• _TASK DESCRIPTION_: Give the lines of the material verbatim, from the first line to the line with "Avanchy Baby Fork", including both.

• _DATA SHOWN_:
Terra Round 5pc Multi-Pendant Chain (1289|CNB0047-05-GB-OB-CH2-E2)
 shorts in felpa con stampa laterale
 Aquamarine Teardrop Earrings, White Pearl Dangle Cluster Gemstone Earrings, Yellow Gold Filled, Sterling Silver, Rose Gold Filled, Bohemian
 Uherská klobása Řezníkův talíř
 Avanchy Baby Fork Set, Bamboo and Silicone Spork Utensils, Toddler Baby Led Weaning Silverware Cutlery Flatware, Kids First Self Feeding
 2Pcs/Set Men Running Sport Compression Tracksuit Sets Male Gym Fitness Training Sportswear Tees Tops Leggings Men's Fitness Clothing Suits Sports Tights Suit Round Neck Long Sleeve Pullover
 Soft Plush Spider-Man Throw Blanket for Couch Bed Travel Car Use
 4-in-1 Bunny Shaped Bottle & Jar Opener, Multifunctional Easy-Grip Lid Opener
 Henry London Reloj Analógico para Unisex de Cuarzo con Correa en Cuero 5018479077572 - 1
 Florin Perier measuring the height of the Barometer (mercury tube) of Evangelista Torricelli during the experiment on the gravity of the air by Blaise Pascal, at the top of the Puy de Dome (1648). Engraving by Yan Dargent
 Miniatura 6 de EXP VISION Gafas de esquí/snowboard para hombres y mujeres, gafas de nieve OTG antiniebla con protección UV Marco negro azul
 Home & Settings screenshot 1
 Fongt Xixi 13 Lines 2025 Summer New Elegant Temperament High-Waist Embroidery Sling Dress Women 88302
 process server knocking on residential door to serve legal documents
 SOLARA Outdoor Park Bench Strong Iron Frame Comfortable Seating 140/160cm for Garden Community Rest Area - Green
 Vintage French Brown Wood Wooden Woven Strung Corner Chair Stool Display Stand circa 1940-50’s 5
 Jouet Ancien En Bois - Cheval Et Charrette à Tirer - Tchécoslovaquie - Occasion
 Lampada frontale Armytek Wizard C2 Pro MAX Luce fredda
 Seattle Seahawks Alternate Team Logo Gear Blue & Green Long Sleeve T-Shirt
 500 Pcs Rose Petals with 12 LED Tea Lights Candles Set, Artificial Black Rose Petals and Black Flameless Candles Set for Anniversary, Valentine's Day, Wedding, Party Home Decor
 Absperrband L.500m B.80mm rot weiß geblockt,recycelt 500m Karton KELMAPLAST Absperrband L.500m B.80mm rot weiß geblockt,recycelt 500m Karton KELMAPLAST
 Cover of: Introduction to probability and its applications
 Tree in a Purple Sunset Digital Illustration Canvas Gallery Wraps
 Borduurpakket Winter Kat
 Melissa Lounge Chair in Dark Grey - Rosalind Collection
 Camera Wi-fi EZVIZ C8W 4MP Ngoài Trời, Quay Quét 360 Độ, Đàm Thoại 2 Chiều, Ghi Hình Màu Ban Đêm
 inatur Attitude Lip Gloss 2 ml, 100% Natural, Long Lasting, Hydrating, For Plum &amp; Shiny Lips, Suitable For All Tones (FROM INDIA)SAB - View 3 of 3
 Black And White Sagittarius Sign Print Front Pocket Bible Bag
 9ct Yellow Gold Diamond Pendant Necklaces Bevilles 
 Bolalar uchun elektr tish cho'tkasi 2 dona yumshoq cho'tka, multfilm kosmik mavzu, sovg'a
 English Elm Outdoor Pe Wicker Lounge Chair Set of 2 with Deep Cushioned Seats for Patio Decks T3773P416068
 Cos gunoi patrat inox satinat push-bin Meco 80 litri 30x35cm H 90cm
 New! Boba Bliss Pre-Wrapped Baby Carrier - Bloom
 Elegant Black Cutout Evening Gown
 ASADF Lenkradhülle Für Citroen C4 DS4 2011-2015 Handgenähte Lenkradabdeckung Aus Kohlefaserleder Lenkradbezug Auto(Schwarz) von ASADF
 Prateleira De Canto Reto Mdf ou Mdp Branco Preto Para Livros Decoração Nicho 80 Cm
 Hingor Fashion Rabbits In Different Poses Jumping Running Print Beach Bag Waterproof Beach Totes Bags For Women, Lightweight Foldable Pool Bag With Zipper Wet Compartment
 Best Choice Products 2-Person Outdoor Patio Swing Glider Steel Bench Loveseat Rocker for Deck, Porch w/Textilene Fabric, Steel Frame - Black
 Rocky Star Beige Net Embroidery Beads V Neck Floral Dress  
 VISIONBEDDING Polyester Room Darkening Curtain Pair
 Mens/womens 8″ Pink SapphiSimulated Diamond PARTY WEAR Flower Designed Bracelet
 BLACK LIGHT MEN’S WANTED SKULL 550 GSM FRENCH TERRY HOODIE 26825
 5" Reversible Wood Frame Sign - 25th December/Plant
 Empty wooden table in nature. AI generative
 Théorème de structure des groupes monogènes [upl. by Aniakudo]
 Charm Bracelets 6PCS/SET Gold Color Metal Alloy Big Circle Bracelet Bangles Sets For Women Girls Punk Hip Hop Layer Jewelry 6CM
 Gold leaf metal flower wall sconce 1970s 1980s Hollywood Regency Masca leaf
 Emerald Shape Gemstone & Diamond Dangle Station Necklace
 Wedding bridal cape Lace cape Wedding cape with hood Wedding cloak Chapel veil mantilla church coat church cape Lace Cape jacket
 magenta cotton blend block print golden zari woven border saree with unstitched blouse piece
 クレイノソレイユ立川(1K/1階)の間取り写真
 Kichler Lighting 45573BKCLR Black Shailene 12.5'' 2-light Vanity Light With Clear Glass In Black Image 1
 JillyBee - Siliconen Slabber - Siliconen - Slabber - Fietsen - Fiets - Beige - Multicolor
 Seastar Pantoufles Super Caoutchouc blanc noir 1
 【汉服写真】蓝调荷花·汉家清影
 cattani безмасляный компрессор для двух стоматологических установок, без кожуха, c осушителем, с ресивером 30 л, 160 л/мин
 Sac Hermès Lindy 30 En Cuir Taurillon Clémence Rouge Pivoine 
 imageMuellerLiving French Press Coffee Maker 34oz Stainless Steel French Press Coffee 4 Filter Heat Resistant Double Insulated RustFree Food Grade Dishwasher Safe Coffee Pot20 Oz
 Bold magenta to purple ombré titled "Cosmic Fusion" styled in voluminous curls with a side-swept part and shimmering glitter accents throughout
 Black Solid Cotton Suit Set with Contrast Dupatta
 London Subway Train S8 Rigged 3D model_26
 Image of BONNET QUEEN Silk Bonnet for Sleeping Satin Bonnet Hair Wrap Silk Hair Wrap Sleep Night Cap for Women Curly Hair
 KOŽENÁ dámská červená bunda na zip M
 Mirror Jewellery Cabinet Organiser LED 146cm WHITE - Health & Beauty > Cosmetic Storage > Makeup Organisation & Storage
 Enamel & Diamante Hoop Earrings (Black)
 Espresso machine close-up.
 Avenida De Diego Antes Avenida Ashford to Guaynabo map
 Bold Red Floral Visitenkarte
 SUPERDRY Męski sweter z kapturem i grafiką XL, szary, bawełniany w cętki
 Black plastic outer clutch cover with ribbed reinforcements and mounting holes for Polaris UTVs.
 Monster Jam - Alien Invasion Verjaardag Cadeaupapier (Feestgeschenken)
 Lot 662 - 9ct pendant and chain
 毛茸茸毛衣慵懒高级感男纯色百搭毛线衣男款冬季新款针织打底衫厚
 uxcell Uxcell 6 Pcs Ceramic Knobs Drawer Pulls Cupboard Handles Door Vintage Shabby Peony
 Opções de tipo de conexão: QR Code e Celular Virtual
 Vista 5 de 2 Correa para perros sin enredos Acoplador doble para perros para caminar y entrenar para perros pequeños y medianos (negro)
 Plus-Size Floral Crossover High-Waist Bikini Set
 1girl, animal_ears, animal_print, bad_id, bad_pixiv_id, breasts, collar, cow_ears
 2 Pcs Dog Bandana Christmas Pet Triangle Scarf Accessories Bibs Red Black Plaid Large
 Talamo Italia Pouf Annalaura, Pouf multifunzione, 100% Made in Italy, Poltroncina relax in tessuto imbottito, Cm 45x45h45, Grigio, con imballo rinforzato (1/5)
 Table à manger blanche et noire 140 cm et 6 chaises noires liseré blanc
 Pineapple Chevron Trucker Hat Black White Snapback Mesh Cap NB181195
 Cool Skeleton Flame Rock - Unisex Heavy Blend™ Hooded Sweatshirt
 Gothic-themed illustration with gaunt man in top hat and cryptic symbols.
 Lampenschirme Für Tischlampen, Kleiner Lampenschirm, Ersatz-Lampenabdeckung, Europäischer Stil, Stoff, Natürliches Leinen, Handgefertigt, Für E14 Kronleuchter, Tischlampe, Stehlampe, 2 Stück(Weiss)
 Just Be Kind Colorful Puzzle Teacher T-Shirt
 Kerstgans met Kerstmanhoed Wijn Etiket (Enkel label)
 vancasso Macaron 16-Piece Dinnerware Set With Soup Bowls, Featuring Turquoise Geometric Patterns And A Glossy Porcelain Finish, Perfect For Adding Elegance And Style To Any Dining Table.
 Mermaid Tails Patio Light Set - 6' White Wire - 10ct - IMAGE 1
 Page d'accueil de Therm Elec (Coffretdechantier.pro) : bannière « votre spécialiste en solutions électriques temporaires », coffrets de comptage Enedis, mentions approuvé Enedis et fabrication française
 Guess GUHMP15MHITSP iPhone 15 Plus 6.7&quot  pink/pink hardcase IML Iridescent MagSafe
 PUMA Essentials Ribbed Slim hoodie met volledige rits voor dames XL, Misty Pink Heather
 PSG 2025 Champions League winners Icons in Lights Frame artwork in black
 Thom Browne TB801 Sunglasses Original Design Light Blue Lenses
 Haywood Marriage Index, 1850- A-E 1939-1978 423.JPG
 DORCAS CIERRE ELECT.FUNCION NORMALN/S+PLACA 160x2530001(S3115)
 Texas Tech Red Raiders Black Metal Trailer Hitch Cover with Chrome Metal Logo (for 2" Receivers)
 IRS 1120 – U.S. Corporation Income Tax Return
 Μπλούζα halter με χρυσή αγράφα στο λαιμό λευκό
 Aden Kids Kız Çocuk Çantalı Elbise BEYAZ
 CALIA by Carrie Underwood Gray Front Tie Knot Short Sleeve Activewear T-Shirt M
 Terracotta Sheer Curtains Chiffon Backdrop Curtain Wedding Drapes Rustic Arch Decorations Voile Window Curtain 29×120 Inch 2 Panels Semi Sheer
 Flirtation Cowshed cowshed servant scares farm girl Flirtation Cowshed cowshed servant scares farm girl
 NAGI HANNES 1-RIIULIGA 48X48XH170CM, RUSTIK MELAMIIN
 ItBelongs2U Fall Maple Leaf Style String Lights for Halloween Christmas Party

• _YOUR RESPONSE_:
Terra Round 5pc Multi-Pendant Chain (1289|CNB0047-05-GB-OB-CH2-E2)
 shorts in felpa con stampa laterale
 Aquamarine Teardrop Earrings, White Pearl Dangle Cluster Gemstone Earrings, Yellow Gold Filled, Sterling Silver, Rose Gold Filled, Bohemian
 Uherská klobása Řezníkův talíř
 Avanchy Baby Fork Set, Bamboo and Silicone Spork Utensils, Toddler Baby Led Weaning Silverware Cutlery Flatware, Kids First Self Feeding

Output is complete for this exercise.